思いは伝わる。
思いにあふれた舞台だった。
小松原のフラメンコへの思い、そのルーツである常磐津への思い。
舞台への思い。美への思い。
そして彼女を支える出演者たち、スタッフたちの思い。
その思いはまっすぐに私たち観客の心に飛び込んできた。
舞台を見に来た観客たちの、小松原への思いが加わる。
音楽の美しさ!
中国の古箏とフラメンコ、常磐津、チェロとシンセサイザーと、一見かけ離れた、異なるジャンルの音楽が一体となってつくりあげる空気の美しさ。
とくに常磐津とフラメンコは遠く離れた音楽のようでいて、声と弦という組み合わせゆえもあるのだろうか、実はそれほど遠いものではないように思えた。
とくに常磐津の音で小松原が花道から現れる場面は、バタ・デ・コーラで、スペイン舞踊の動きをしているのに、あまりにも自然にあっているのに驚かされた。 花道やすっぽん(花道にあるセリ)などの使い方のうまさも、幼い頃から伝統芸能と親しんできた彼女ならではなのだろう。
宴の場面以外はほぼ舞台にでずっぱりというのにも驚いた。あふれるばかりのエネルギー。それも彼女の思いゆえだろう。
長年の共演者であるクリージョもみせかたをよく心得ている。まるで年をとっていないかのような、スペイン国立バレエ団で第一舞踊手をつとめ、主役を踊っていた頃とまるでかわらないアントニオ・マルケスの小松原をたてる美しいサポート。クリージョとアントニオのデュオも美しい。スペイン国立バレエの黄金時代を思い出させる。

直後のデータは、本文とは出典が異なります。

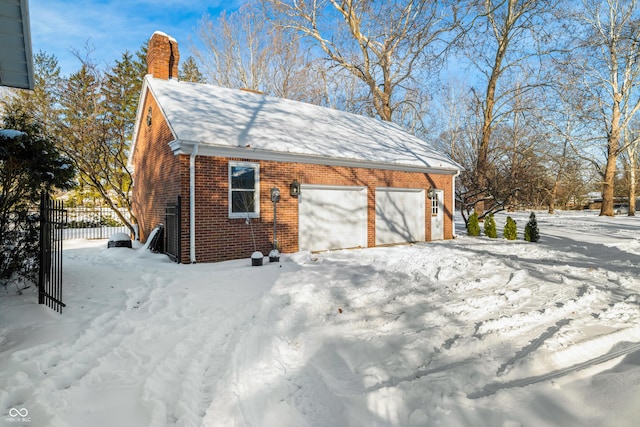 view of snow covered garage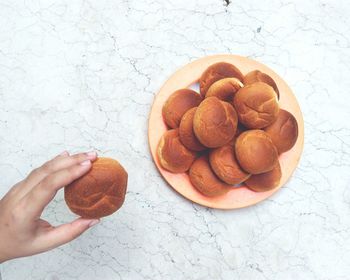 Cropped hand of person holding bread over marble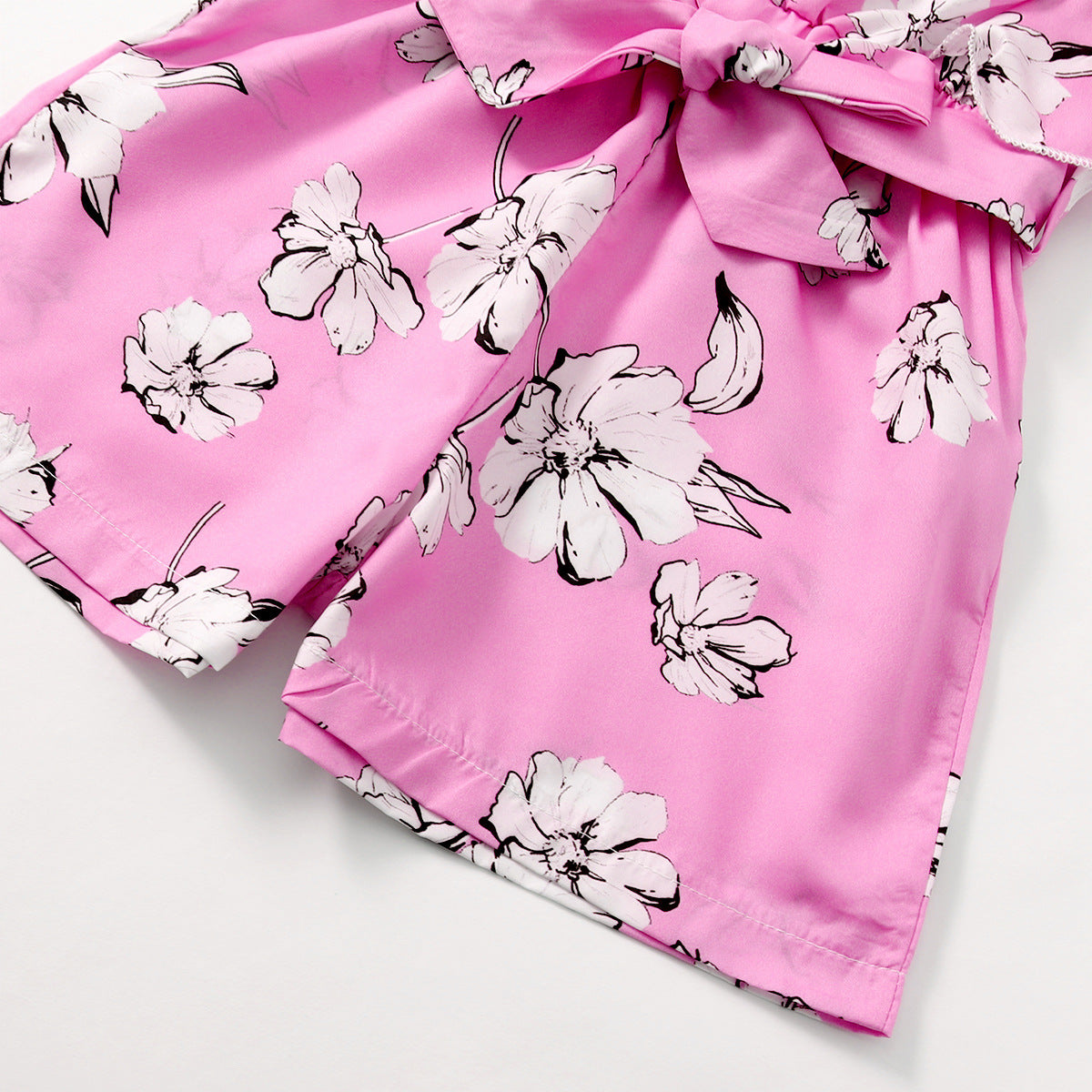 The Tropical Trendsetter | Girls' Floral Short-Sleeved Woven Jumpsuit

ビデオの使い方や照明、装置など美術も細かいところまでよく考えられている。
主にクリージョのものだという群舞の振付も、大人数をうまく処理していた。
公演なかばの宴の場面は、それぞれの踊り手に見せ場を用意するだけでなく、群舞のバリエーションも豊富で、歌い手も加わり、まさに華やかに繰り広げられる宴そのものだ。 スペインからきた若手男性ダンサーたちのレベルの高さ。フラメンコだけでなくスペイン舞踊全般を学んでいるからこその身のこなし。日本人ダンサーでも、今のスペインを感じさせる里有光子、優雅な入交恒子、ベテラン、鈴木敬子、中島朋子らが華を添えた。
一番最初、緑の山の映像の中にうかびあがった小松原の、すっと天に伸ばしたその腕のかたちの美しさ。長年のフラメンコ、スペイン舞踊への愛はかたちになって現れる。
その瞬間から最後の挨拶まで、彼女の思いがいっぱいにつまった舞台は、確実に私たちの心に届いた。